(WORK INSTRUCTIONS): Repeat, exactly as written, the lines of the records below from the first through the line with "Посуда стекло 4", but none past it.
[MATERIAL FOR THIS TASK — start]
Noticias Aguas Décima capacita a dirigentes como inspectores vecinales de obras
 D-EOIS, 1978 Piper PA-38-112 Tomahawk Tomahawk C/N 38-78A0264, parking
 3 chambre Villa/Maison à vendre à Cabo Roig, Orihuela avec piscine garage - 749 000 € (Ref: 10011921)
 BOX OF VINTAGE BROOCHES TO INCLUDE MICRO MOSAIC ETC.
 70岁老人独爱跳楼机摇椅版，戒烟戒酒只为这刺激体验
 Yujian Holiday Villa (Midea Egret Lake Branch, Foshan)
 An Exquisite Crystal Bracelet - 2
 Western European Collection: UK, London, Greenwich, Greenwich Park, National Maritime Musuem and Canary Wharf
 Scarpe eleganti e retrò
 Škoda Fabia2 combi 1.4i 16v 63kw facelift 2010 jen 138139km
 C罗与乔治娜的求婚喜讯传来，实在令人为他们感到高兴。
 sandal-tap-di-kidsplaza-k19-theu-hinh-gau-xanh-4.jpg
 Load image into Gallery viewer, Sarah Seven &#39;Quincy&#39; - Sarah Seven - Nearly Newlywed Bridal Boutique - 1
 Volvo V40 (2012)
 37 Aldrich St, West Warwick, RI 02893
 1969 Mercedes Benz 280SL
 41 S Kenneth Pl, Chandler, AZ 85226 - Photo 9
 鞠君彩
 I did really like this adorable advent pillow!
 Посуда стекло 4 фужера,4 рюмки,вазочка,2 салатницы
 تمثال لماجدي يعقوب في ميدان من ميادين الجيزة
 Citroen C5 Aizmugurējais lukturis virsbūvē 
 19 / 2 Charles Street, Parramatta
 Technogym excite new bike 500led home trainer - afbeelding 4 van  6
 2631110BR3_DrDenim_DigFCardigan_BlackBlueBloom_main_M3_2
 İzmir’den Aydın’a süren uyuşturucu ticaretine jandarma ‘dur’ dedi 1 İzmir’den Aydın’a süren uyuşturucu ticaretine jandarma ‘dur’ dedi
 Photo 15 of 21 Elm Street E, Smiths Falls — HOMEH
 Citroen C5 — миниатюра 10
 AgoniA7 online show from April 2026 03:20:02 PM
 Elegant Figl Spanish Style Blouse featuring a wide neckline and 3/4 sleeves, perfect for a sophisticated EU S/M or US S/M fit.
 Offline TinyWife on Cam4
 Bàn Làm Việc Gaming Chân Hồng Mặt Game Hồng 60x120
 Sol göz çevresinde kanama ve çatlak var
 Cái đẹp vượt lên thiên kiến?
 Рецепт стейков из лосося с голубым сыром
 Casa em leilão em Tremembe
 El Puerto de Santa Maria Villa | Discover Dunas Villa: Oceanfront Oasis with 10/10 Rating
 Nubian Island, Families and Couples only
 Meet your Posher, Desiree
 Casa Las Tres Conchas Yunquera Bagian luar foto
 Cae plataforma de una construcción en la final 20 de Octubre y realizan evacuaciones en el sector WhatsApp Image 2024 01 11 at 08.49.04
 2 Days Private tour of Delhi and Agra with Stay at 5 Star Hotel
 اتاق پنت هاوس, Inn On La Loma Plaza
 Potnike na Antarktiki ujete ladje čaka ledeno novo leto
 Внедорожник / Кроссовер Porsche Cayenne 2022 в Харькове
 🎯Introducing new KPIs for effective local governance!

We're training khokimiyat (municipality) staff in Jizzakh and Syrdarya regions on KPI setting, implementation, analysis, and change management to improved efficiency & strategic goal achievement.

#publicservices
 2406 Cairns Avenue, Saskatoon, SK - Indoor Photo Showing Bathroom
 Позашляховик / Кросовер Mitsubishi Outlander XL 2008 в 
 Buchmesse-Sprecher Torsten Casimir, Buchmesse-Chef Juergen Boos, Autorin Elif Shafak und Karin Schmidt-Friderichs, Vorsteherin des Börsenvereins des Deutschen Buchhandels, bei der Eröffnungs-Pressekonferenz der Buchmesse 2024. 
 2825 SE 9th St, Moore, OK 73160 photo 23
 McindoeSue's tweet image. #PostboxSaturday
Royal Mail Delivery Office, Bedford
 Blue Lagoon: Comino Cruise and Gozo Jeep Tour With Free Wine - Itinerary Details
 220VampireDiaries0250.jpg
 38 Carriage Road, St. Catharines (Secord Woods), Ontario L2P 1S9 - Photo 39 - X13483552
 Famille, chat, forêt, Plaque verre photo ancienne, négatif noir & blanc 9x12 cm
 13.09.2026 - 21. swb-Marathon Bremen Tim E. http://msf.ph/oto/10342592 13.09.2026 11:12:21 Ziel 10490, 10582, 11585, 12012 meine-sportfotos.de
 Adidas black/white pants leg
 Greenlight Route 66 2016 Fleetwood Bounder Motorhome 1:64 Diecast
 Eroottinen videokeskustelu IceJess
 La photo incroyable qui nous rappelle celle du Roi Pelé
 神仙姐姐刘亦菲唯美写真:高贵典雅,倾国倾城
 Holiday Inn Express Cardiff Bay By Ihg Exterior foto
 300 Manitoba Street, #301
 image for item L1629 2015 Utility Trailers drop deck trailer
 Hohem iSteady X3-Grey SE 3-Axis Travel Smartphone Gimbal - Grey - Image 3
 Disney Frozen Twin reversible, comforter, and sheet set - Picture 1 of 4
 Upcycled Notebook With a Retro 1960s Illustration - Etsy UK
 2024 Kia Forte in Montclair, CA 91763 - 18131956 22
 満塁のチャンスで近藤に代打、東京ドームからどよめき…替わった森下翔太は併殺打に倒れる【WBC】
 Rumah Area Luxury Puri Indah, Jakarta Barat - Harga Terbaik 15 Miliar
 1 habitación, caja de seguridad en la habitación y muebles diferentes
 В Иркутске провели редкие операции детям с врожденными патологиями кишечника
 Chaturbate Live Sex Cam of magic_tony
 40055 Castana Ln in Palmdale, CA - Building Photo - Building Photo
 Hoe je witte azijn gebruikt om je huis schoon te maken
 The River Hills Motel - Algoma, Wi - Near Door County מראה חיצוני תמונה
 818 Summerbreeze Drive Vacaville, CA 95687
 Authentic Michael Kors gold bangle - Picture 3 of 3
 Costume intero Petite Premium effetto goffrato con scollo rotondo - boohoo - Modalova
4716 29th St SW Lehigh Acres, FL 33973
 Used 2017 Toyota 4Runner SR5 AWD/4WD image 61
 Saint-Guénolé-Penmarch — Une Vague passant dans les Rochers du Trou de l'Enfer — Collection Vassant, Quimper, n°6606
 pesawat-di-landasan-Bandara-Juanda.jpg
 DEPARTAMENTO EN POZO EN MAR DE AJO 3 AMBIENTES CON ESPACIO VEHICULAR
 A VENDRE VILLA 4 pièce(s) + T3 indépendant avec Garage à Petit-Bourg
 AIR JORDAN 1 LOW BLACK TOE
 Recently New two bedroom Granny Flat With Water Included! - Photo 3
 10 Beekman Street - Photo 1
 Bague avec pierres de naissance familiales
[MATERIAL FOR THIS TASK — finish]
(WRITTEN REPLY):
Noticias Aguas Décima capacita a dirigentes como inspectores vecinales de obras
 D-EOIS, 1978 Piper PA-38-112 Tomahawk Tomahawk C/N 38-78A0264, parking
 3 chambre Villa/Maison à vendre à Cabo Roig, Orihuela avec piscine garage - 749 000 € (Ref: 10011921)
 BOX OF VINTAGE BROOCHES TO INCLUDE MICRO MOSAIC ETC.
 70岁老人独爱跳楼机摇椅版，戒烟戒酒只为这刺激体验
 Yujian Holiday Villa (Midea Egret Lake Branch, Foshan)
 An Exquisite Crystal Bracelet - 2
 Western European Collection: UK, London, Greenwich, Greenwich Park, National Maritime Musuem and Canary Wharf
 Scarpe eleganti e retrò
 Škoda Fabia2 combi 1.4i 16v 63kw facelift 2010 jen 138139km
 C罗与乔治娜的求婚喜讯传来，实在令人为他们感到高兴。
 sandal-tap-di-kidsplaza-k19-theu-hinh-gau-xanh-4.jpg
 Load image into Gallery viewer, Sarah Seven &#39;Quincy&#39; - Sarah Seven - Nearly Newlywed Bridal Boutique - 1
 Volvo V40 (2012)
 37 Aldrich St, West Warwick, RI 02893
 1969 Mercedes Benz 280SL
 41 S Kenneth Pl, Chandler, AZ 85226 - Photo 9
 鞠君彩
 I did really like this adorable advent pillow!
 Посуда стекло 4 фужера,4 рюмки,вазочка,2 салатницы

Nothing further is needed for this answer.